HOW TO COMPLETE THIS TASK
Transcribe the line holding "Même si les" together with every line after it, through the end of the records, exactly and with no pictures.
START SUPPLIED MATERIAL
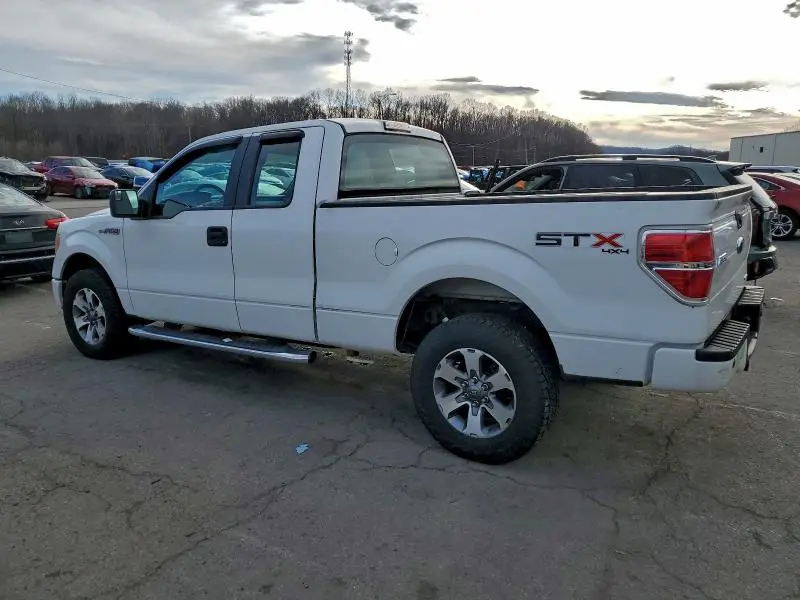 2013 FORD F150 SUPER CAB  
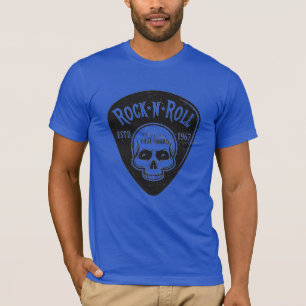 Rock and Roll Skull T-Shirt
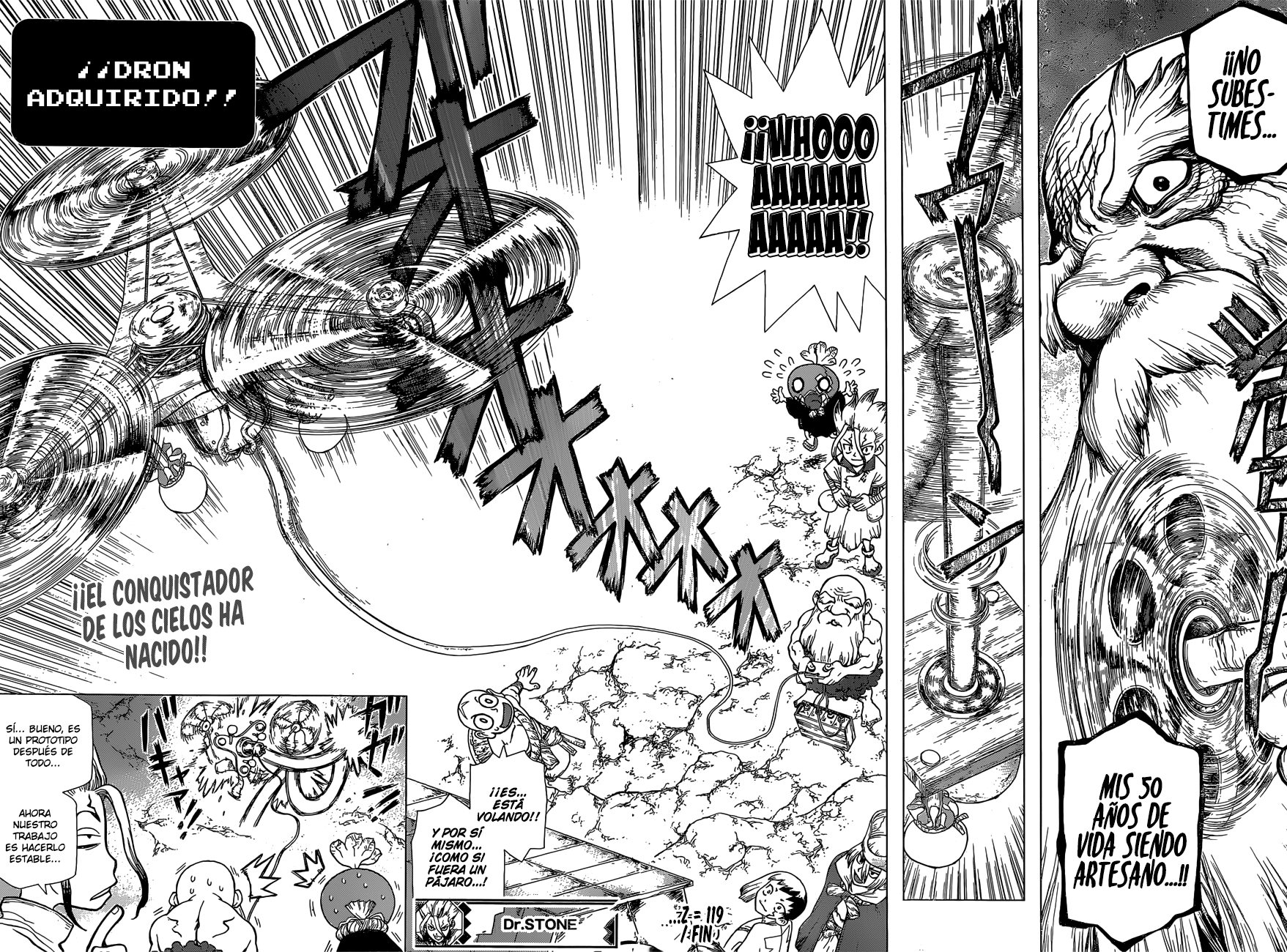 Read Dr. Stone es Manga Online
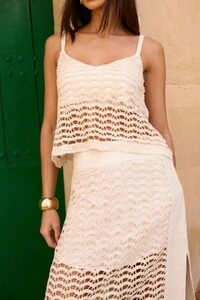 Blusa Guipir Firenze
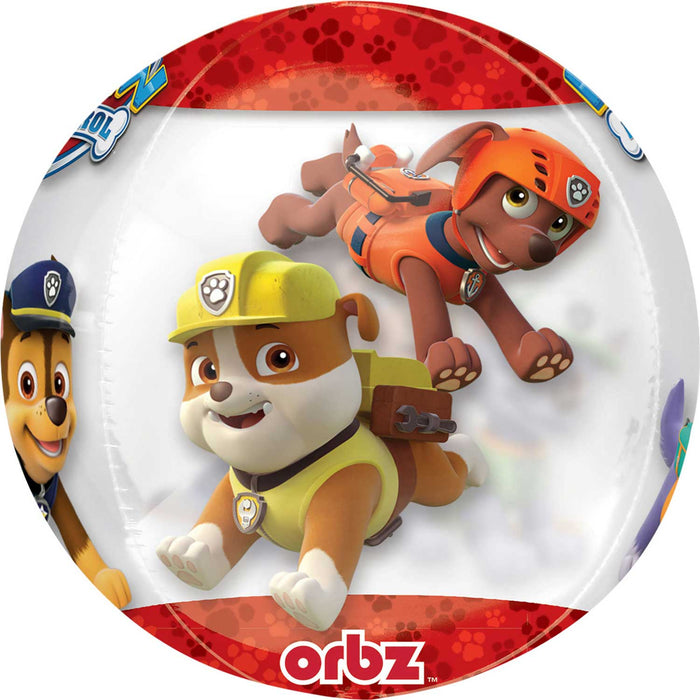 Paw Patrol Orbz Foil Balloon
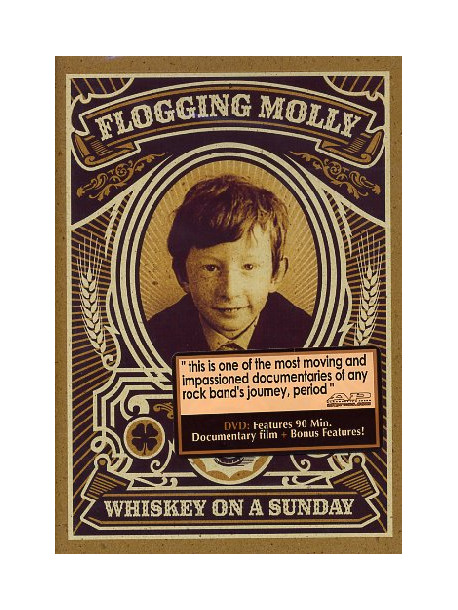 Flogging Molly - Whiskey On A Sunday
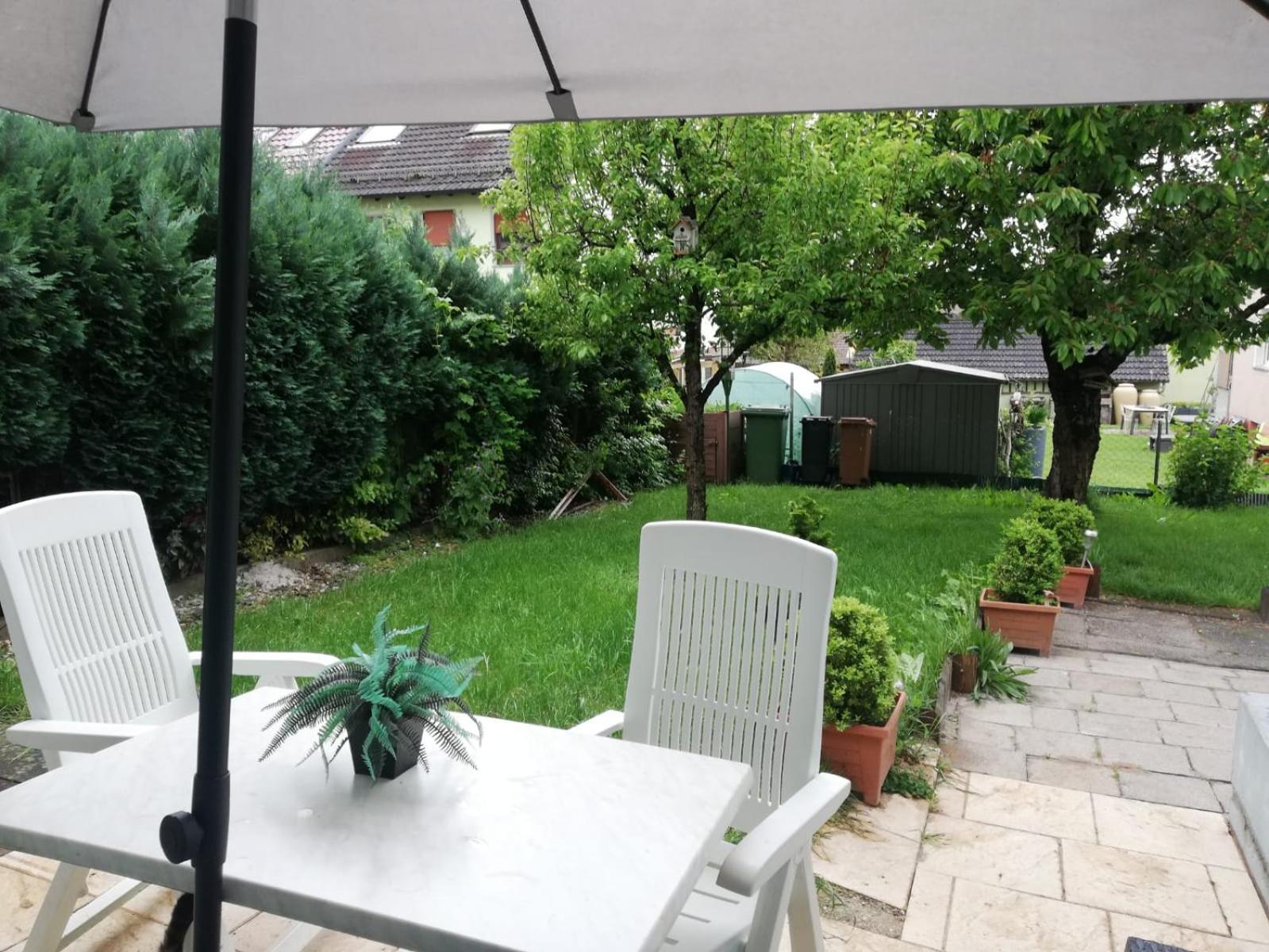 Schoene Ferienwohnung Lehrberg Kültér fotó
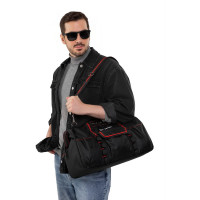 Сумка для инструмента с ремнем Dr. IRON 445x205x275 мм DR1034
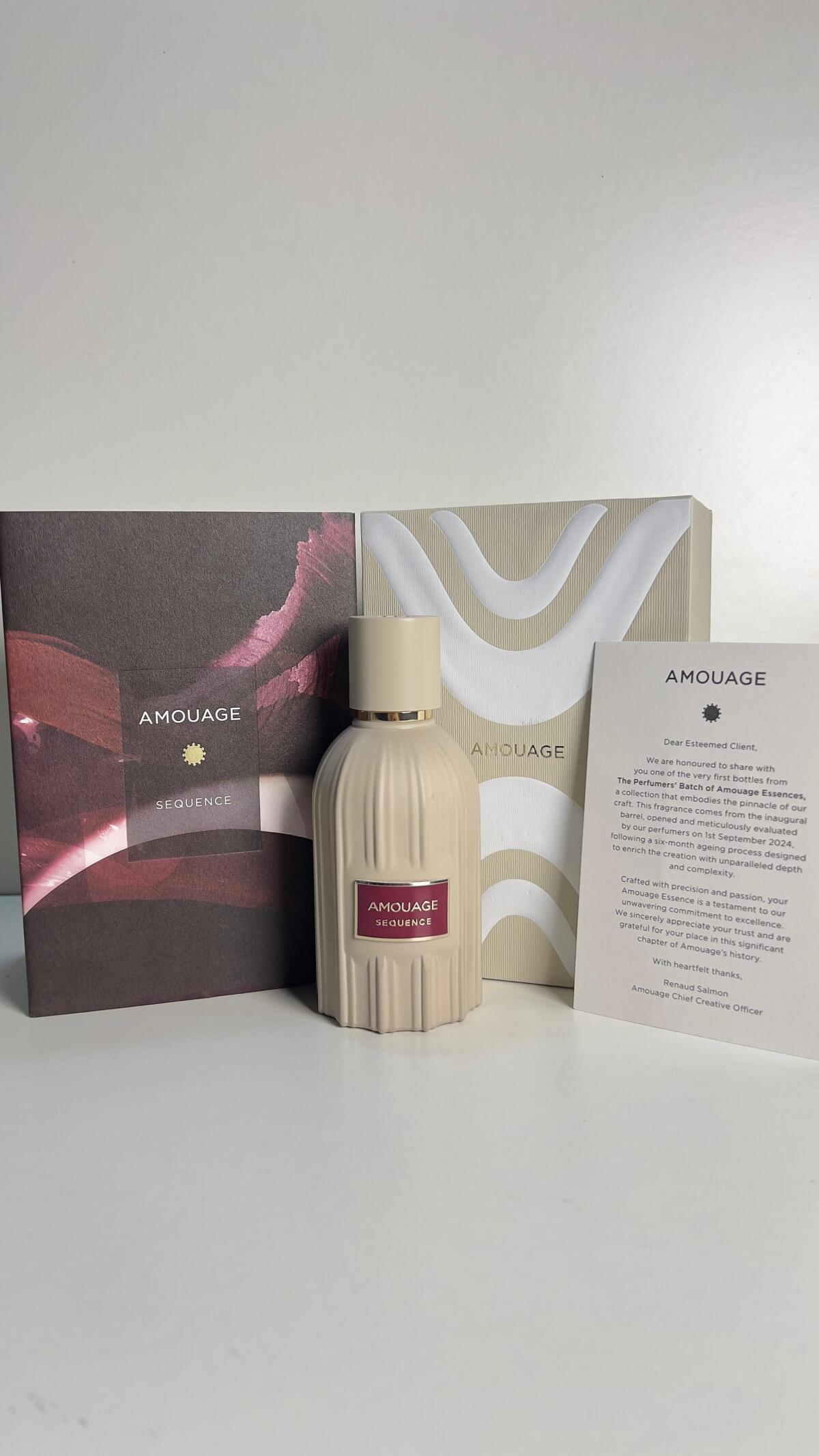 Sequence - Amouage (Essences Collection / Essence de Parfum)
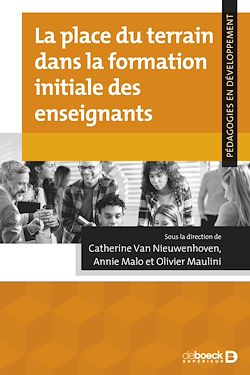 Télécharger le livre :  La place du terrain dans la formation initiale des enseignants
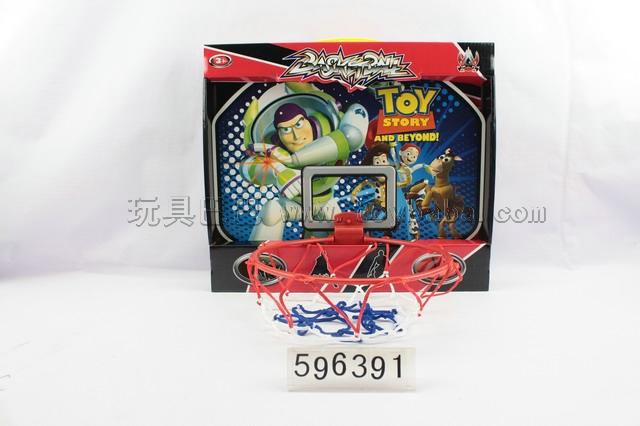 Basketball board with 12 cm Basketball + ball pin [Toy Story]
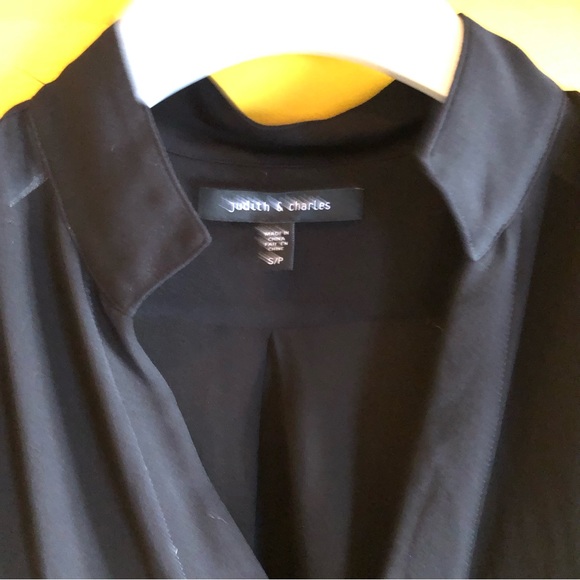 J&C Silk Balloon Sleeve Blouse - Picture 3 of 8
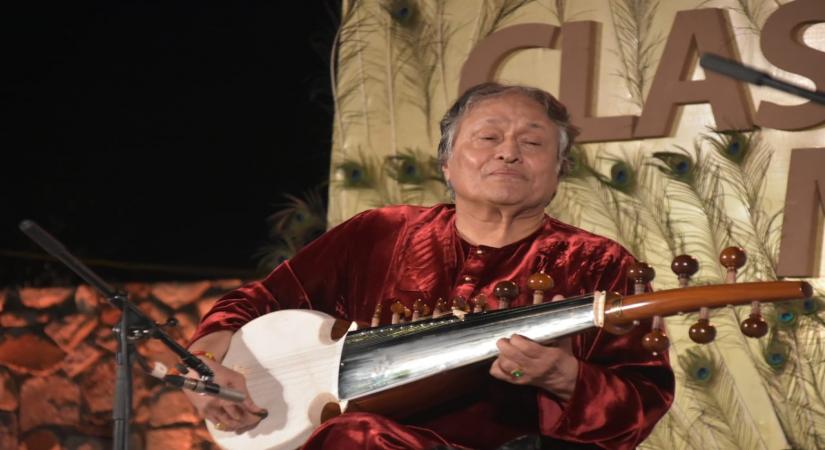 Mumbai, April 22 (IANS) Sarod maestro Ustad Amjad Ali Khan says Prime Minister Narendra Modi will always be remembered for saving millions of lives during the COVID-19 pandemic.	(File Photo: IANS)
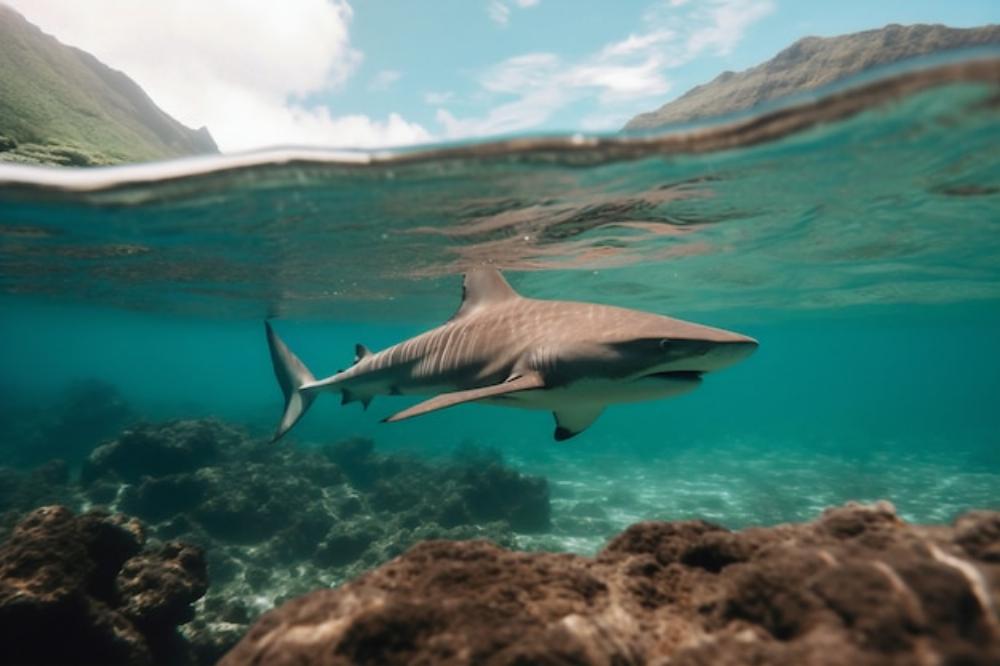 Même si les attaques de requins sont rares, il est préférable de rester vigilant et d'éviter de nager dans des zones non surveillées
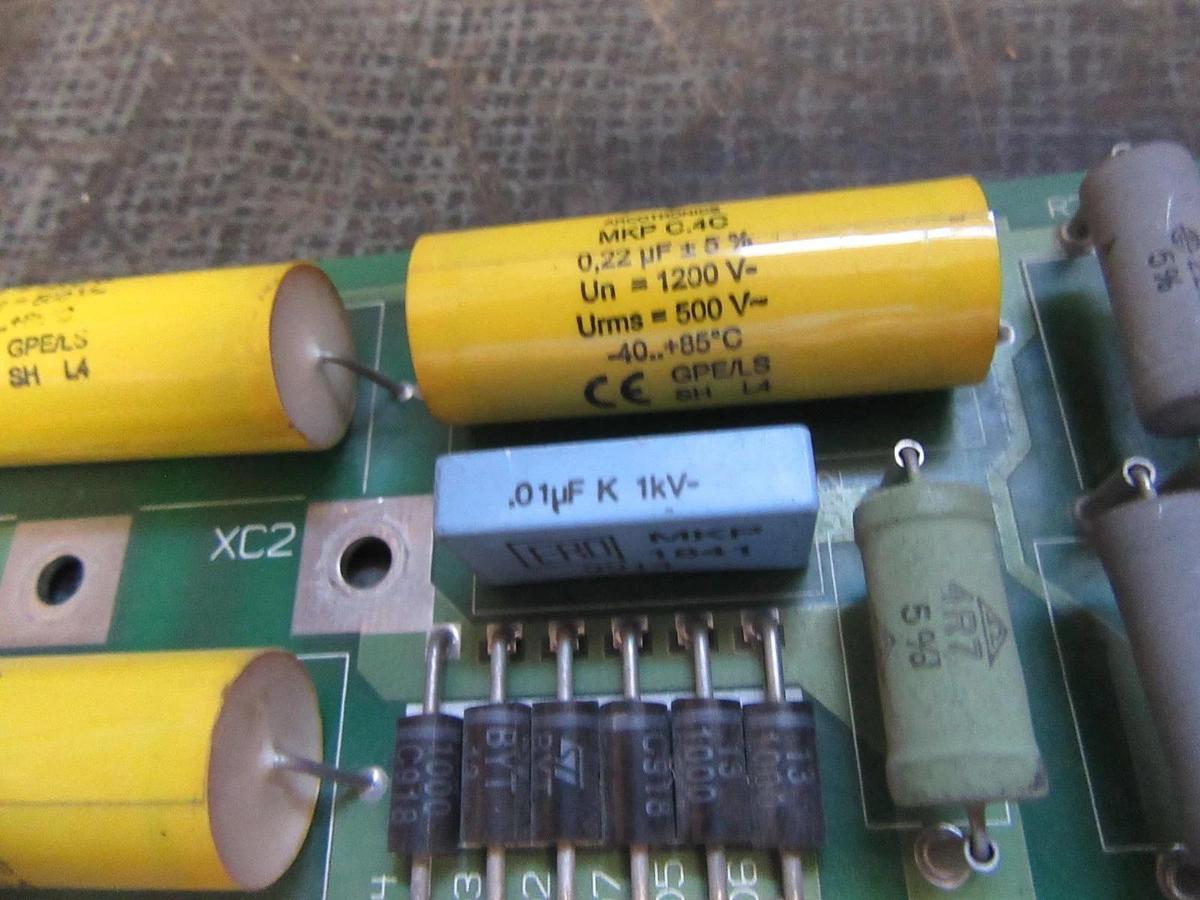 Used MGE CARTE RC2Z CIRCUIT BOARD 6739176XD-2A 6739176XD-1A 6739177 **W/ WARRANTY**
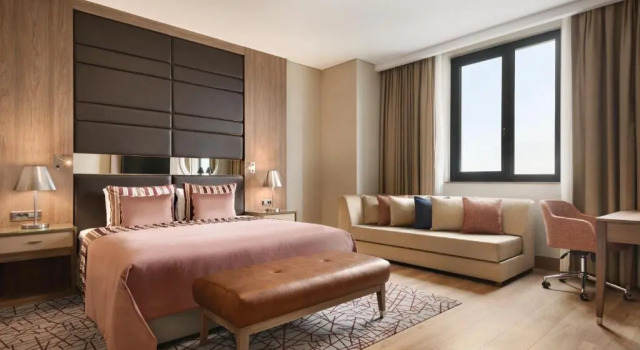 Двухместный люкс TRYP by Wyndham Istanbul Basın Ekspres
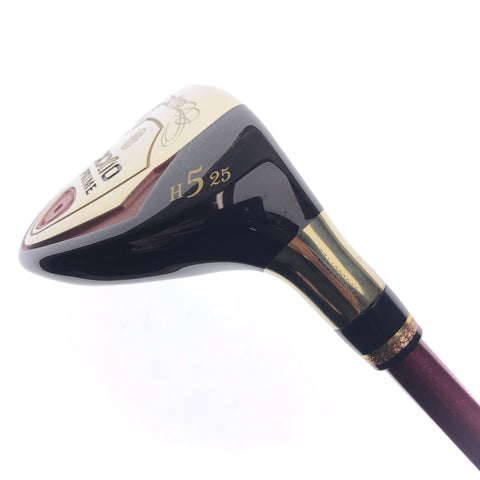 Used XXIO Prime 12 Royal Edition 5 Hybrid / 25 Degrees / Ladies Flex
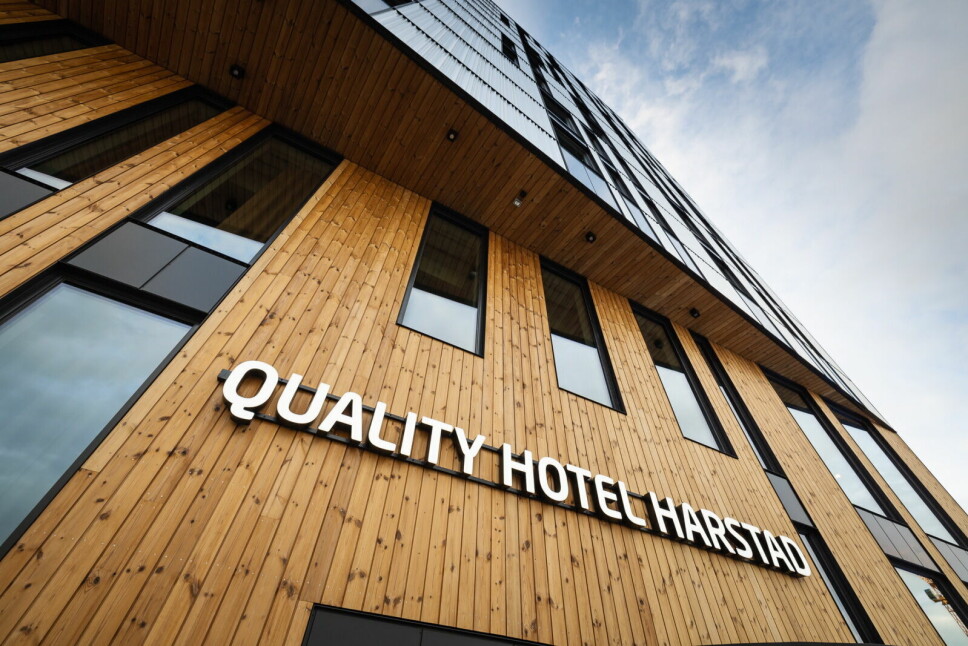 Quality Hotel Harstad åpner dørene 27. august.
END SUPPLIED MATERIAL
TASK SOLUTION
 Même si les attaques de requins sont rares, il est préférable de rester vigilant et d'éviter de nager dans des zones non surveillées
 Used MGE CARTE RC2Z CIRCUIT BOARD 6739176XD-2A 6739176XD-1A 6739177 **W/ WARRANTY**
 Двухместный люкс TRYP by Wyndham Istanbul Basın Ekspres
 Used XXIO Prime 12 Royal Edition 5 Hybrid / 25 Degrees / Ladies Flex
 Quality Hotel Harstad åpner dørene 27. august.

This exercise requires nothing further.